Reproduce the first line of the material below and each line after it, exactly, through the line containing "Trachea of a", and give nothing more.

*** Records for processing ***

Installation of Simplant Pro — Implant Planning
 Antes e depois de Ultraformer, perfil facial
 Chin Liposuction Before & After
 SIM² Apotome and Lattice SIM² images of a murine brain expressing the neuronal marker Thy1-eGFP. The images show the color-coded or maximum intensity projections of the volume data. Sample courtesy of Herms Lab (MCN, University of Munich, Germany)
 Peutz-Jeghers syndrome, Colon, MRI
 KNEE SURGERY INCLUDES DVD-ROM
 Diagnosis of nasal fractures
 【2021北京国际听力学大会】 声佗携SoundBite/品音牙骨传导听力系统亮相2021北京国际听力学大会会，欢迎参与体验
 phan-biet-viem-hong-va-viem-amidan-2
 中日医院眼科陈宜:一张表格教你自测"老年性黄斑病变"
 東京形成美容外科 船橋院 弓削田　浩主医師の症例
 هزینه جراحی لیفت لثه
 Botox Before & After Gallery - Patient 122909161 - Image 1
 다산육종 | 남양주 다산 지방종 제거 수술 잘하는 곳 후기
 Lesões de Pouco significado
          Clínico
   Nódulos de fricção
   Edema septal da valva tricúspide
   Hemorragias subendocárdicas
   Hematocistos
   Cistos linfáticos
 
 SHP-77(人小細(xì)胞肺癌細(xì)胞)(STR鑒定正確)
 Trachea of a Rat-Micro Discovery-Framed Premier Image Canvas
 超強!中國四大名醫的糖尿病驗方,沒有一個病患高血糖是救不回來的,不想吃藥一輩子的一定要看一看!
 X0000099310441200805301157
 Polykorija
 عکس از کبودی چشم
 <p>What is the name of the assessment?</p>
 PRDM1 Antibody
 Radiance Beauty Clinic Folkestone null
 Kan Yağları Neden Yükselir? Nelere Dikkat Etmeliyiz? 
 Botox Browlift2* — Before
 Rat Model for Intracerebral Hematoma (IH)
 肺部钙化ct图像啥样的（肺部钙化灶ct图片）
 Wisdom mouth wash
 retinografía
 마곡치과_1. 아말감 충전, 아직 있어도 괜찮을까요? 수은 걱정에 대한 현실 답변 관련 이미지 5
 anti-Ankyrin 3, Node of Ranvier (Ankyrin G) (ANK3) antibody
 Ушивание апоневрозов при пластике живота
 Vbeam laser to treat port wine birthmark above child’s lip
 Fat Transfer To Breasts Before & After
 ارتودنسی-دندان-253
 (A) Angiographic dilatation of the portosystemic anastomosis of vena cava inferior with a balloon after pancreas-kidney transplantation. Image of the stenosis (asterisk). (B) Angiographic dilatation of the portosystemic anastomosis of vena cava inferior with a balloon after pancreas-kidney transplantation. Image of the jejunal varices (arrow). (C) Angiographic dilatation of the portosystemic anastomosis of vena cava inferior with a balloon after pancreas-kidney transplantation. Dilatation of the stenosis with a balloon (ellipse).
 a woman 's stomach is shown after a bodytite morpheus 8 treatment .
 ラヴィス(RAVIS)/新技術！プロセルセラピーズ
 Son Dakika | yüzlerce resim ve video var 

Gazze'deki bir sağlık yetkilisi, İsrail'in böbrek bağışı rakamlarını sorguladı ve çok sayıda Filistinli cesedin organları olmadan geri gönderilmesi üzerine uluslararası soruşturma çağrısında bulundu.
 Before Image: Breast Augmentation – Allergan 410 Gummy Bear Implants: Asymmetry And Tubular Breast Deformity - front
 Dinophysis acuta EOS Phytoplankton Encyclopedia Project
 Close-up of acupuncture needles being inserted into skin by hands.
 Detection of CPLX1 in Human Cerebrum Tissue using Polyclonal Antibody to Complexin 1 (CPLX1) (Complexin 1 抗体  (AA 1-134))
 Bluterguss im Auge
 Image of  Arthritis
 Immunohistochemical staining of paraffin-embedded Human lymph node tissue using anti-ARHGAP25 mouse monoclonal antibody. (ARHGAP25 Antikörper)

*** End of Records for processing ***

■ **Expected answer**:
Installation of Simplant Pro — Implant Planning
 Antes e depois de Ultraformer, perfil facial
 Chin Liposuction Before & After
 SIM² Apotome and Lattice SIM² images of a murine brain expressing the neuronal marker Thy1-eGFP. The images show the color-coded or maximum intensity projections of the volume data. Sample courtesy of Herms Lab (MCN, University of Munich, Germany)
 Peutz-Jeghers syndrome, Colon, MRI
 KNEE SURGERY INCLUDES DVD-ROM
 Diagnosis of nasal fractures
 【2021北京国际听力学大会】 声佗携SoundBite/品音牙骨传导听力系统亮相2021北京国际听力学大会会，欢迎参与体验
 phan-biet-viem-hong-va-viem-amidan-2
 中日医院眼科陈宜:一张表格教你自测"老年性黄斑病变"
 東京形成美容外科 船橋院 弓削田　浩主医師の症例
 هزینه جراحی لیفت لثه
 Botox Before & After Gallery - Patient 122909161 - Image 1
 다산육종 | 남양주 다산 지방종 제거 수술 잘하는 곳 후기
 Lesões de Pouco significado
          Clínico
   Nódulos de fricção
   Edema septal da valva tricúspide
   Hemorragias subendocárdicas
   Hematocistos
   Cistos linfáticos
 
 SHP-77(人小細(xì)胞肺癌細(xì)胞)(STR鑒定正確)
 Trachea of a Rat-Micro Discovery-Framed Premier Image Canvas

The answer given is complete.